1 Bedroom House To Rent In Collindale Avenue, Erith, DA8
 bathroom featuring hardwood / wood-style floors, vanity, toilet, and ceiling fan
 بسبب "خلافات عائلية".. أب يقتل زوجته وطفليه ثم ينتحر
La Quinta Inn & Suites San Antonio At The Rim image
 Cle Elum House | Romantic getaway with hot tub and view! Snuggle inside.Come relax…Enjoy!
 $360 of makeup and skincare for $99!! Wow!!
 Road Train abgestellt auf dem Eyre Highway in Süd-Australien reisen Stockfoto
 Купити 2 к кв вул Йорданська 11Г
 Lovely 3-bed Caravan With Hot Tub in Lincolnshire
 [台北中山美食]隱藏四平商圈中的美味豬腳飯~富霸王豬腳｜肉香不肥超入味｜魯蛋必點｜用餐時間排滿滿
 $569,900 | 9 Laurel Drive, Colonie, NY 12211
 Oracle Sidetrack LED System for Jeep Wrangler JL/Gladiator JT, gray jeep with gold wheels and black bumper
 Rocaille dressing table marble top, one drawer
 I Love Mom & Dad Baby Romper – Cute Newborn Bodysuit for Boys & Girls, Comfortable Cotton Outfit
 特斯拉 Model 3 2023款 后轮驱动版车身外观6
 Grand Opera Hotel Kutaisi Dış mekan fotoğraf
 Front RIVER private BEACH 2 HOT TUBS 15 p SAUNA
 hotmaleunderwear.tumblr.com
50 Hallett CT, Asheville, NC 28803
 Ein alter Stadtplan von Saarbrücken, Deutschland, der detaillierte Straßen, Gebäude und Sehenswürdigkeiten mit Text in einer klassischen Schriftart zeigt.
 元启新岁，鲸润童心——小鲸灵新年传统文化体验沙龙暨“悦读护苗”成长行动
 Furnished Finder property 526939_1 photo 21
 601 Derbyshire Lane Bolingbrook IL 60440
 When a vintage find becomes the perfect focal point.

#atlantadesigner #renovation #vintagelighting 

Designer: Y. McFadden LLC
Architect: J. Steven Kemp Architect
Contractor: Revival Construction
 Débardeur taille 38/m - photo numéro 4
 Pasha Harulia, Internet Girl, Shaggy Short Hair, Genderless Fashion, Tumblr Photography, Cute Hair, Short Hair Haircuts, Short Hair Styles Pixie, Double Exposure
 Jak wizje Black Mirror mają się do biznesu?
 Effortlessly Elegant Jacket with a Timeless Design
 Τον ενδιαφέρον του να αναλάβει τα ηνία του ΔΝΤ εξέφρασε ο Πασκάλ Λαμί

######

Work item
Please say how many lines in the entries hold the string "Cute". Give only the number.

Final answer
2